Une autre accusation (3) montrait que le Qur'ân était un emprunt: "C'est juste une contrefaçon qu'il avait inventé avec le concours des autres, des histoires d'antan qu'il écrivait pendant qu'on le lui dictait matin et soir" (Q 25:4-5; cfr. 68:15). "Un être humain lui apprend" (16:103).

En réponse aux critiques selon lesquelles Muhammad avait copié des autres, le Qur'ân dit dans le récit de Marie: "Voilà l'information sur l'inconnu que nous te révélons. Vous n'étiez pas là quand ils ont partagé le sort.." (3:44). Cette même affirmation est faite au sujet des histoires de Noé (11:49), Joseph (12:102) et Moïse (28:44-46).

Muhammad avait d'énormes occasions pour discuter de la religion avec les Juifs et les Chrétiens. Certains d'entre eux sont nommés par ses biographes. Muhammad n'avait pas bien lu la Bible (Q 29:48), qui n'était même pas encore traduite en arabe. La plupart des gens apprenaient la Bible en écoutant les histoires bibliques, à la manière dont ils apprenaient la poésie arabe et les contes traditionnels. Ces contes ont naturellement changé et les apocryphes y ont été ajoutés, comme on le voit dans le Qur'ân. L'originalité de Muhammad ne peut s'étendre qu'aux enseignements sur lesquels les contes insistaient et à la langue et au style arabe.

Quant à l'accusation (4) que Muhammad avait inventé lui-même les narrations coraniques, Muhammad rétorqua en défiant ses critiques de "produire une histoire semblable" (Q 52:34). Plus tard il les défia de produire "dix sûras" (11:13) ou même "une seule sûra" (10:38) semblable à celles qu'il avait produites, ou "un livre qui soit mieux orienté" (28:49). Le Qur'ân était présenté comme un miracle littéraire, la plus grande ou même l'unique preuve que Muh-ammad était le vrai prophète de Dieu (Q 17:88).

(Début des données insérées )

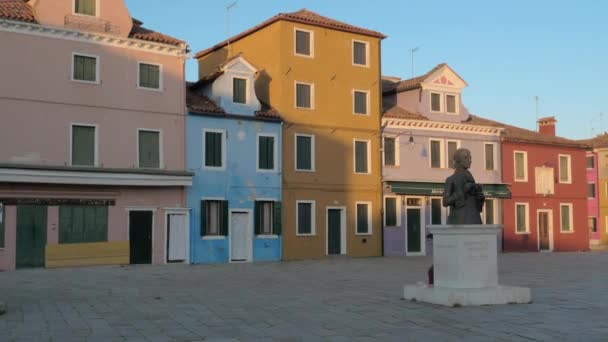 Child playing with ball at Baldassarre Galuppi Square in Burano, Italy — Stock Video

Quand les Mecquois ont vu qu'ils ne gagnaient rien de cette guerre des mots, ils ont fait recours à une persécution ouverte. Les esclaves et toutes personnes qui n'étaient pas protégées furent torturés et certains furent par conséquent morts. D'autres ont cédé à la pression et dissimulé leur foi. Le Qur'ân (16:106) pardonne aux Musulmans qui renoncent ouvertement à leur foi sous persécution tout en conservant leur croyance dans leurs coeurs.

QUESTIONS:

  1. Pourquoi les autorités de la Mecque se mettaient-elles à défendre la religion traditionnelle?
  2. Discutez de la réaction des premiers Musulmans aux attaques.
  3. Discutez de l'expérience de compromission avec les Mecquois.
  4. Evaluez les accusations que les Mecquois ont avancées pour discréditer les affirmations de Muhammad.